● **WORK REQUEST**
Copy out exactly, from the entries that follow, the line holding "T-SHIRT DA ALLENAMENTO", the line holding "Wind Blowing Cloud", and all lines between them, but no pictures.

● **DATA EXTRACT**
===============
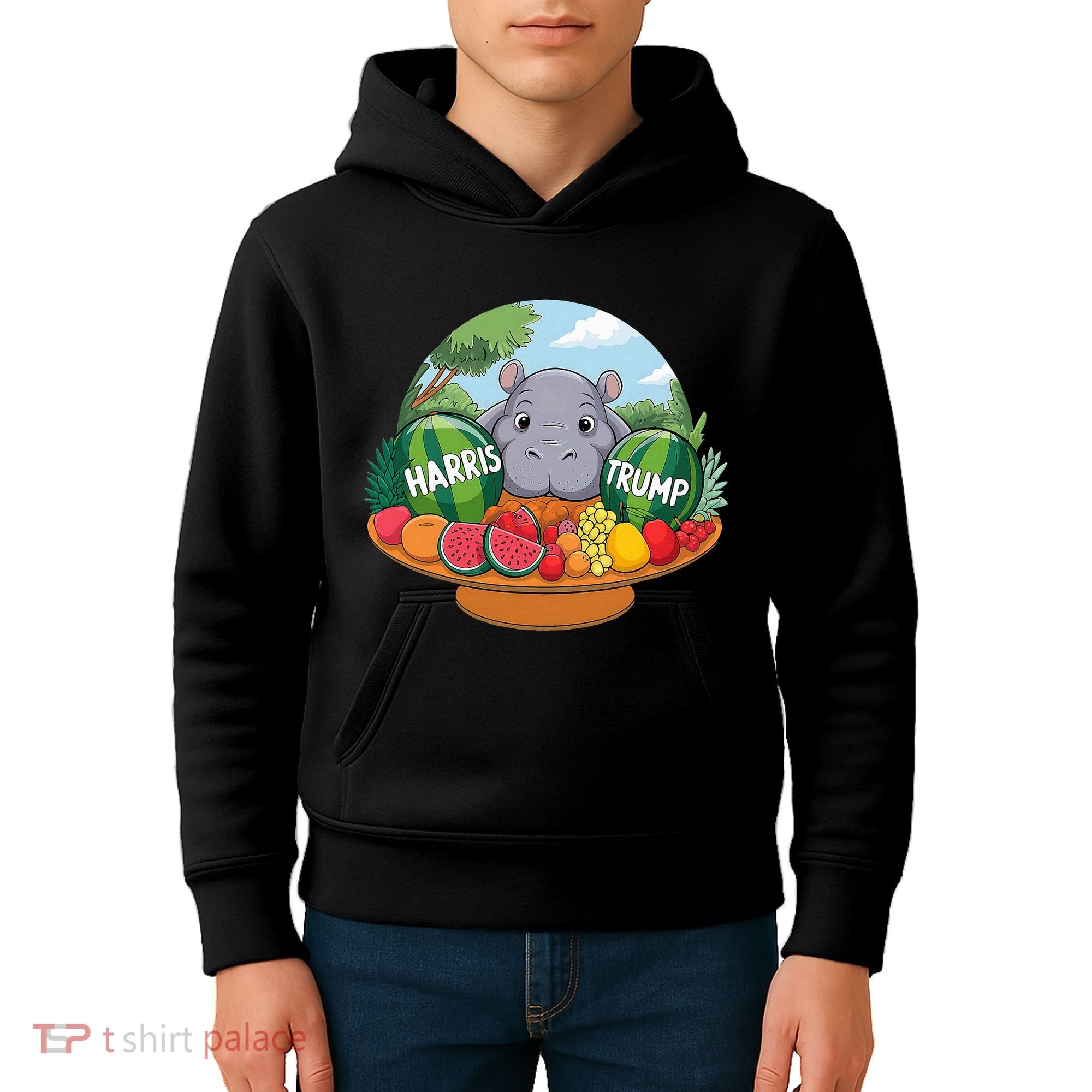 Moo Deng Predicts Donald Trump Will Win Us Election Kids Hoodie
===============
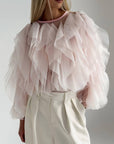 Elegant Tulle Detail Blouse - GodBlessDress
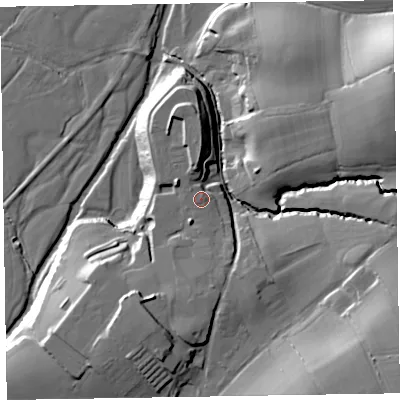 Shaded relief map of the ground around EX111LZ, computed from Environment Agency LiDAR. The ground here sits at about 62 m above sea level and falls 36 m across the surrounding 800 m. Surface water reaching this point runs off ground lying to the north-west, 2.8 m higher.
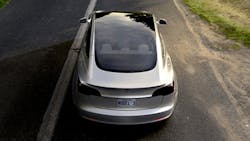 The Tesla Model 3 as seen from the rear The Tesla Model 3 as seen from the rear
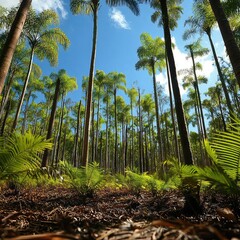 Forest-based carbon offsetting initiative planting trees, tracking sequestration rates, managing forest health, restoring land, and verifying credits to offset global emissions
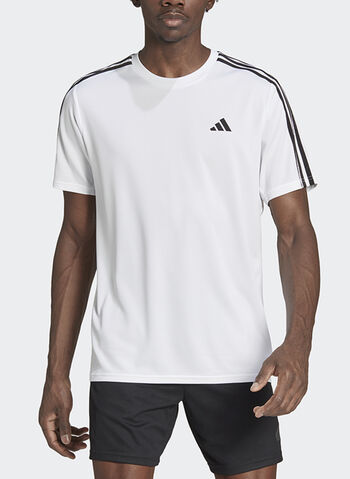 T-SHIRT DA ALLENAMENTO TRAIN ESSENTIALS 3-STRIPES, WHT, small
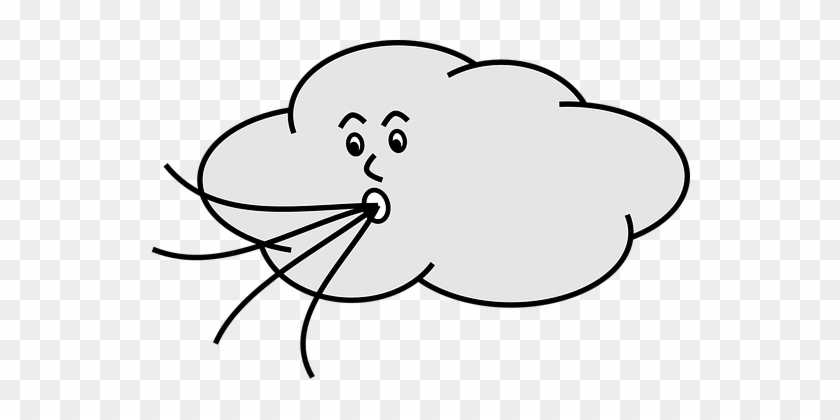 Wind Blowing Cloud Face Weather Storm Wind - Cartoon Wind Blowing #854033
===============
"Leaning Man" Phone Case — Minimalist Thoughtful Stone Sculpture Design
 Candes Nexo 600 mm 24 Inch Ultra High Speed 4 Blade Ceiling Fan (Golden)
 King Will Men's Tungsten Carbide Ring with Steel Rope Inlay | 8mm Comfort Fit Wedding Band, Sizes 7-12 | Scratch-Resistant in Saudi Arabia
===============
● **RESPONSE AREA**
 T-SHIRT DA ALLENAMENTO TRAIN ESSENTIALS 3-STRIPES, WHT, small
 Wind Blowing Cloud Face Weather Storm Wind - Cartoon Wind Blowing #854033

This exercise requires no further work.